But he said that in person, fans express nothing but appreciation.

“There isn’t a day goes by that I’m not approached by fans, and they’re all wonderful to me; they treat me with such respect and such kindnesses,” he said. “I’m sure if it happens to me, it happens to Michael and Suzyn and Gary and Howie.

“Now is that luck or what? Think how fortunate I am. The voices you mentioned have all done terrific jobs, and the biggest thing they’ve done is they’ve connected with their audience. That’s the biggest thing you can do.”  

Sterling has not missed a game since late in the 1989 season, but the streak could end this June because of the high school graduation of his triplets.

“People are accustomed to the voice and sound of Suzyn and myself going back and forth,” he said. “Don’t forget that baseball has very little play-by-play, so there is a lot of time to get your thoughts across and be funny or whatever.”

John Sterling

Age: 80

Home town: Manhattan

Team: Yankees

Station: WFAN-AM/FM

Catchphrase: “It is high, it is far, it is gone!”

Fun fact: Father of 18-year-old triplets

Waldman rejected the notion that perhaps Sterling simply has worn down his critics over the decades.

“I think most people adore John,” she said. “We go places and he’s, like, lionized. I don’t know whether he wore them down or not. Everybody makes mistakes. I think he’s one of a kind. He’s unique.”

One advantage Yankees announcers have over their Queens counterparts is that there is no such thing as meaningless late-summer games for them.  

Kay’s first season as a broadcaster was 1992. That was the last year the Yankees finished under .500. Along the way he called many memorable Derek Jeter moments on radio and television.

“Derek Jeter is one of the most iconic players of all time,” he said. “If there’s baseball a thousand years from now on ‘ESPN 1,000’ and they show a Jeter retrospective, they’ll have me screaming, ‘History, with an exclamation point!’ (after his 3,000th hit, a home run).

“So we’re kind of connected forever with these great Yankee teams, like Mel’s connected with Mantle and DiMaggio . . . This has been one of the magical times in Yankee history, and we’ve been lucky enough to chronicle it.”

Kay was quick to add he does not compare himself to Allen, saying, “Mel Allen is the ‘Voice of the Yankees.’ The rest of us, we’re just renting that title for a while.”

Perhaps, but younger fans might not be so sure. “There are people who know nothing on the Yankees side except Michael, John and me,” Waldman said.
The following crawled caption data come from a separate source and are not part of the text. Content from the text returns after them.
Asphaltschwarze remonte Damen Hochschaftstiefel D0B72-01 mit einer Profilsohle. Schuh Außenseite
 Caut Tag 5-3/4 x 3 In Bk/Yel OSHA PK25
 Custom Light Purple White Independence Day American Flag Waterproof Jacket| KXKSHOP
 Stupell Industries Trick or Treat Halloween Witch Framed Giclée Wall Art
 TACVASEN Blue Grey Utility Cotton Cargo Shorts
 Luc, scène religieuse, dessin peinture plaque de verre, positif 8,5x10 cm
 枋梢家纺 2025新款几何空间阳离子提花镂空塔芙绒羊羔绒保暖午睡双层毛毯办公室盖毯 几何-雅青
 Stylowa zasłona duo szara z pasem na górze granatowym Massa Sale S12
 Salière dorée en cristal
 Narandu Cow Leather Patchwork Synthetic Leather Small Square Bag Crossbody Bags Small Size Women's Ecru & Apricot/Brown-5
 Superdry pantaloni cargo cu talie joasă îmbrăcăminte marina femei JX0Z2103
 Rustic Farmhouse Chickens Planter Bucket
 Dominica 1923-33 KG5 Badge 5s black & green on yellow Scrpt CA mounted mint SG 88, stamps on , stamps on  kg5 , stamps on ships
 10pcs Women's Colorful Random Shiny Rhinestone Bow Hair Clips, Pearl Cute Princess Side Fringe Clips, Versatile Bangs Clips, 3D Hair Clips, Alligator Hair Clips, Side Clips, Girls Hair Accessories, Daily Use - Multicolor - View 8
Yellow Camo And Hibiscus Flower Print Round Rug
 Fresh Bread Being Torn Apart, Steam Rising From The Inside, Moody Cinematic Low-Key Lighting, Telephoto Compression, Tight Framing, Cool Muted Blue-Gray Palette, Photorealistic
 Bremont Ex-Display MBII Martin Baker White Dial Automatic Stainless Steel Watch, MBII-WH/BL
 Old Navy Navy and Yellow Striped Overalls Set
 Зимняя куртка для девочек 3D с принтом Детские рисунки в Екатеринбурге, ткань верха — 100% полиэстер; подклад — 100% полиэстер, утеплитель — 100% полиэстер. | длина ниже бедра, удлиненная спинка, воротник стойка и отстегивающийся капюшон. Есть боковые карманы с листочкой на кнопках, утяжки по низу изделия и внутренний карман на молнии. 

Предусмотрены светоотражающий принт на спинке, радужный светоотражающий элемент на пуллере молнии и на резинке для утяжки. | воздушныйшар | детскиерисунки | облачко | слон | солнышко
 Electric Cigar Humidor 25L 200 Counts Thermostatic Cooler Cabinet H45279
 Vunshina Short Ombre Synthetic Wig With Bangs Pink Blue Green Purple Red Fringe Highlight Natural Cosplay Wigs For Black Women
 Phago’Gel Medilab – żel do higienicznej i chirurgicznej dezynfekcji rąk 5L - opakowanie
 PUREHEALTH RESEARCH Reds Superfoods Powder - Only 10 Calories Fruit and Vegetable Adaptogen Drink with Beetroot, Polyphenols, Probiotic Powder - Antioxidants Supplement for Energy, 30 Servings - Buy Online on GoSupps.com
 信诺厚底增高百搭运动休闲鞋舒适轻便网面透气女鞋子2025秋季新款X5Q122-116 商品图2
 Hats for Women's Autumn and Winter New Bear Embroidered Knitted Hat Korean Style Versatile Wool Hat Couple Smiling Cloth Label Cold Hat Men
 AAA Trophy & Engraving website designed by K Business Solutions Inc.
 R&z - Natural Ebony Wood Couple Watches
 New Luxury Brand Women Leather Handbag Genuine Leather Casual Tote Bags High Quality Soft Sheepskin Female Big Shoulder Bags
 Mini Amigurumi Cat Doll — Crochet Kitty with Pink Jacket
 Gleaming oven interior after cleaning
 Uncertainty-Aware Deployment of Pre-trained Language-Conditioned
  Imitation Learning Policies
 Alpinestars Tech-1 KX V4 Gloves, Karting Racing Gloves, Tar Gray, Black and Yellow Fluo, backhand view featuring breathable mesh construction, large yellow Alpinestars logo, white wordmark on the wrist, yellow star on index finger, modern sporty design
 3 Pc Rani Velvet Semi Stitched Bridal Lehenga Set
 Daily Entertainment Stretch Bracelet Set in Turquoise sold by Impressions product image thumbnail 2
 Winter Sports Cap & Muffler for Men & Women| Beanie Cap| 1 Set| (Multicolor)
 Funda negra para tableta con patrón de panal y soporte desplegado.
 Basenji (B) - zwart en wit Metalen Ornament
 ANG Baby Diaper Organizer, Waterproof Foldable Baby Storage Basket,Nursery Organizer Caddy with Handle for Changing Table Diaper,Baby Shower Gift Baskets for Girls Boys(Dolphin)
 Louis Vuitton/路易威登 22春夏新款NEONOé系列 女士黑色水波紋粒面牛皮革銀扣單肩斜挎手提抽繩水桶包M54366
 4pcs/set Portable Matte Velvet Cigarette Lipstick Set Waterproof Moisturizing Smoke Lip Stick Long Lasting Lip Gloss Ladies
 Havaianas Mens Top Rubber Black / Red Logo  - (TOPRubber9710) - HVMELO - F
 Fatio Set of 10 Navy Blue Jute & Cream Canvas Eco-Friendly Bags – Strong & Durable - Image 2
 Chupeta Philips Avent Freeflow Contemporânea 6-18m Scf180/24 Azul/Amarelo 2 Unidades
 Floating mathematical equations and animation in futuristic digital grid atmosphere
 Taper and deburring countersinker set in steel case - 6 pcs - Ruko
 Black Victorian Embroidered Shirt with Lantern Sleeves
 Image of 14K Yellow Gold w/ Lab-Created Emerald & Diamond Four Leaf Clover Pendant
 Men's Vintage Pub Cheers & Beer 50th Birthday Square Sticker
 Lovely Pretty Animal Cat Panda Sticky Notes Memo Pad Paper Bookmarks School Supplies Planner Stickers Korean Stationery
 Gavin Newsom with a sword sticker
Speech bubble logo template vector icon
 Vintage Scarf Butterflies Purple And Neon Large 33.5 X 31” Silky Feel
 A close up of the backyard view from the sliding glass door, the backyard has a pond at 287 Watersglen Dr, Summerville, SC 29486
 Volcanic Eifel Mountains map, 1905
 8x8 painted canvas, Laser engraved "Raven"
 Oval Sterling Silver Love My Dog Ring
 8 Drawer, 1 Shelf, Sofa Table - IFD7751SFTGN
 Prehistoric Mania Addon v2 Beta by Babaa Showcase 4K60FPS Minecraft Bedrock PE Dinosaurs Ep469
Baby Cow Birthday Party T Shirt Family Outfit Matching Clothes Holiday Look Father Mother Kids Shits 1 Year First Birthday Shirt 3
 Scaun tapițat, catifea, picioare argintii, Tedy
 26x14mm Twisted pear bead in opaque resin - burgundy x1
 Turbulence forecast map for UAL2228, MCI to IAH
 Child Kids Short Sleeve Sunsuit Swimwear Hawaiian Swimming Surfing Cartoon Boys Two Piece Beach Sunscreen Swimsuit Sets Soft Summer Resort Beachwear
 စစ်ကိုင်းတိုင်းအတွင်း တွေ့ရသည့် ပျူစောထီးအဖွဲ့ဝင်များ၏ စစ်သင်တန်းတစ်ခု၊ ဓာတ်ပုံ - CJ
Said Kay, “One of the biggest thrills of my life is when someone who’s 35 years old comes up to me — and 35 years old to me is an adult — and says, ‘You’re the only voice I’ve ever known for the New York Yankees.’ To me, that’s the biggest reward, to have this job and that they actually like you. It’s unbelievably cool.”

Waldman has proven that being a native is not a requirement for the job, but it doesn’t hurt.

“If you grow up as a diehard Mets fan and go off and begin your major league career as the voice of the Kansas City Royals,” Cohen said, “you can read and try and steep yourself in that lore all you want, but you’re not going to have the same granular understanding of not only what has happened in the franchise’s history, but how the people that you’re talking to think about the team.”

Said Rose, “Who would believe me if I said I didn’t care if the Mets win? It used to be, at least when I was breaking in, that you could never say that because there are people who wouldn’t be able to trust the veracity of what it is you’re delivering . . . I think that it has a certain cachet with the fans, because they feel they’re one of you, and vice versa.”

Howie Rose

Age: 65

Home town: Queens

Team: Mets

Station: WCBS-AM

Catchphrase: “Put it in the books!”

Fun fact: Also has dabbled in hockey; see Matteau, Stephane

Kay added, “Horace Clarke and Jerry Kenney, that’s in my soul. I don’t have to look it up. I don’t have to read about it.”

There is no immediate end in sight for New York baseball’s longtime voices. Sterling has said his goal is to die in the booth.

“Time stretches as you get older,” Cohen said. “I think of Kiner, Murphy and Nelson as being the backbone of the broadcast, which they were, but they were there together for 17 years. Now I’ve been there for 30 years. It’s mindboggling.”

Said Rose, “When they start using the word ‘venerable’ as a prefix to your name, at best it means you’ve been around a while, and the hope is you’ll be around a little longer.”  

None of this is good news for young announcers looking to enter the club. Wayne Randazzo, 34, will join Rose this season, but such chances are few and far between.

“I daydream a lot about living forever,” Kay said. “So if you live forever and you can be relatively healthy, would you be the ‘Voice of the Yankees’ for 150 years, where you just happened to luck out at the right time to get the job and then hold it for 150 years? I wonder if that’s in the cards.

“How many aspiring radio guys want to be John Sterling and they’re not going to get the chance to do it for the Yankees, because he’s been doing it for over 30 years? He might do another 30 years.”